We Need to Talk About Infrastructure

Thursday 19 March 2015


Consultation and Engagement specialists Dialogue by Design and UCL’s respected Transport Institute bring together experts from a range of fields on 23 March 2015 to debate the role of public engagement in delivering major infrastructure projects

Approaching what is widely understood to be the most uncertain General Election in post-war Britain, one outcome can be guaranteed: considerable consensus across the political spectrum on the importance of significant Government investment in infrastructure projects will remain.

Plans detailed in the National Infrastructure Plan to invest £375 billion up to 2020 and beyond cannot be delivered without strong and enduring political will – an admission that the short term nature of our electoral cycle has obstructed investment in UK infrastructure in the past.

It is also generally accepted that within the legislative framework of the Planning Act, consent for all significant infrastructure projects relies on developers engaging with local communities. Sustained, high profile campaigns of local opposition to schemes such as HS2 and wind energy installations have threatened to fracture the very political consensus that delivery of major infrastructure relies upon.

Successful engagement is now more important than ever before.

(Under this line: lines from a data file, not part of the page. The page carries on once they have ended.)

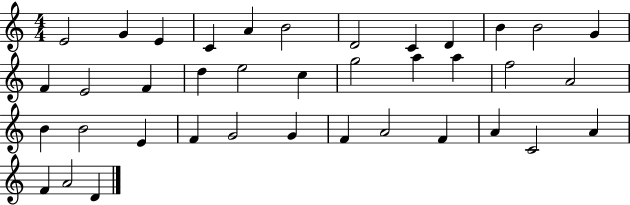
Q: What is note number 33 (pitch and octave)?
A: A4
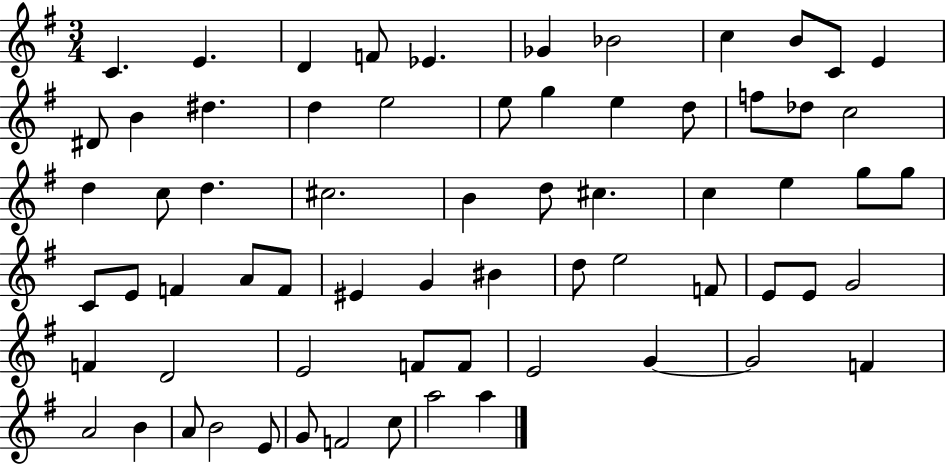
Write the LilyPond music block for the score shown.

{
  \clef treble
  \numericTimeSignature
  \time 3/4
  \key g \major
  \repeat volta 2 { c'4. e'4. | d'4 f'8 ees'4. | ges'4 bes'2 | c''4 b'8 c'8 e'4 | \break dis'8 b'4 dis''4. | d''4 e''2 | e''8 g''4 e''4 d''8 | f''8 des''8 c''2 | \break d''4 c''8 d''4. | cis''2. | b'4 d''8 cis''4. | c''4 e''4 g''8 g''8 | \break c'8 e'8 f'4 a'8 f'8 | eis'4 g'4 bis'4 | d''8 e''2 f'8 | e'8 e'8 g'2 | \break f'4 d'2 | e'2 f'8 f'8 | e'2 g'4~~ | g'2 f'4 | \break a'2 b'4 | a'8 b'2 e'8 | g'8 f'2 c''8 | a''2 a''4 | \break } \bar "|."
}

But how can this need to renew infrastructure building on a scale necessary be reconciled with taking into account the views of an increasingly informed and motivated citizenry? Is engagement with the public just a resource-intensive chore that achieves little other than slowing essential developments to a snail’s pace? Can sceptical project sponsors be convinced that engagement is more than a means of managing dissent? Is it an effective way of improving project developments, ensuring that the public has the opportunity to shape proposals? And can we improve on the way we use engagement so that it leads to better outcomes?

Co-hosts Dialogue by Design and UCL Transport Institute will bring together engagement practitioners, developers and academics in this afternoon seminar at the NCVO’s headquarters in London to provide valuable insights into the role of public engagement and debate the challenges and opportunities for engagement in delivering major infrastructure projects.

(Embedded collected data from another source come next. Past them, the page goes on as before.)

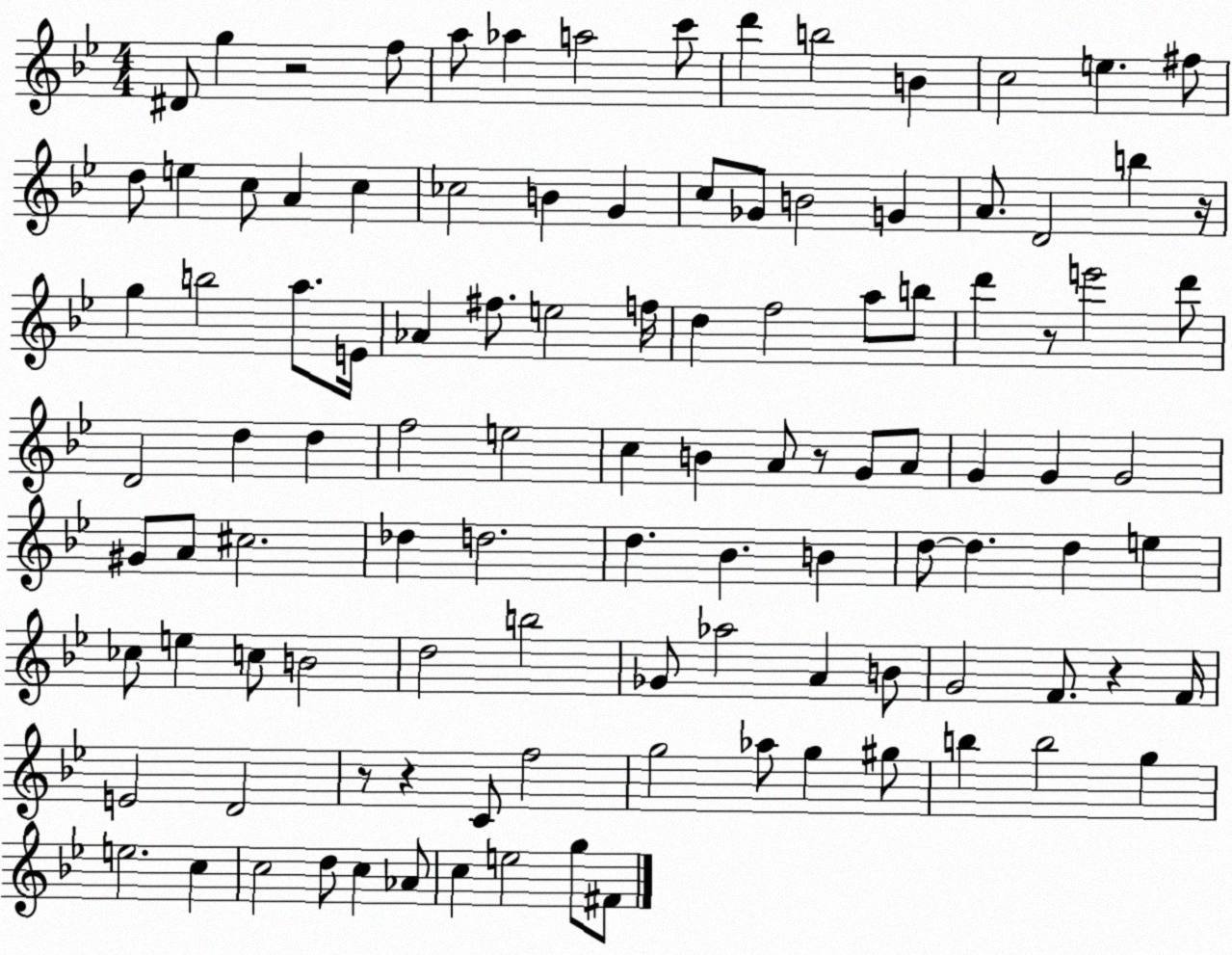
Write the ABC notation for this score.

X:1
T:Untitled
M:4/4
L:1/4
K:Bb
^D/2 g z2 f/2 a/2 _a a2 c'/2 d' b2 B c2 e ^f/2 d/2 e c/2 A c _c2 B G c/2 _G/2 B2 G A/2 D2 b z/4 g b2 a/2 E/4 _A ^f/2 e2 f/4 d f2 a/2 b/2 d' z/2 e'2 d'/2 D2 d d f2 e2 c B A/2 z/2 G/2 A/2 G G G2 ^G/2 A/2 ^c2 _d d2 d _B B d/2 d d e _c/2 e c/2 B2 d2 b2 _G/2 _a2 A B/2 G2 F/2 z F/4 E2 D2 z/2 z C/2 f2 g2 _a/2 g ^g/2 b b2 g e2 c c2 d/2 c _A/2 c e2 g/2 ^F/2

Announcement of the event was welcomed by the expert speakers:

Dr Jack Stilgoe, Lecturer in Social Studies of Science, UCL said: “Public debates about infrastructure often get stuck in what is sometimes called NIMBYism. As public engagement with science and technology moves upstream, perhaps there is the possibility of a more constructive conversation.”

Diane Beddoes, Chief Executive, Dialogue by Design said: “Many of the new infrastructure projects we run consultations for at Dialogue by Design are contested by individuals, communities and sometimes stakeholders. Infrastructure projects of national significance have impacts – both positive and negative – on local people and communities that need to be heard and understood.  We believe that good engagement on new infrastructure projects can help to improve the quality of decision-making, reduce risk and ensure that the views of those affected are taken into consideration. If we are serious about infrastructure investment, then we must be equally serious about effective dialogue and consultation with opponents and proponents.”




Note to Editors

The ‘We Need to Talk About Infrastructure’ seminar will take place between 14:00 – 18:00 on Monday 23rd March 2015 at NCVO, Society House, 8 All Saints Street, London N1 9RL. The debate will be chaired by Jim Steer (Founder, Steer Davies Gleave), with speakers Professor Brian Collins (Professor of Engineering Policy and Director, International Centre for Infrastructure Futures (ICIF), UCL), Dr Jack Stilgoe (Lecturer in Social Studies of Science, UCL), Diane Beddoes (Chief Executive, Dialogue by Design) and Will Bridges (Lead Consents Officer, North West Coast Connections, National Grid).


About Dialogue by Design

Dialogue by Design designs and delivers bespoke public and stakeholder engagement and consultation services. Dialogue by Design specialises in handling consultations on contentious or technically complex issues and are experts at running consultations for nationally significant infrastructure projects.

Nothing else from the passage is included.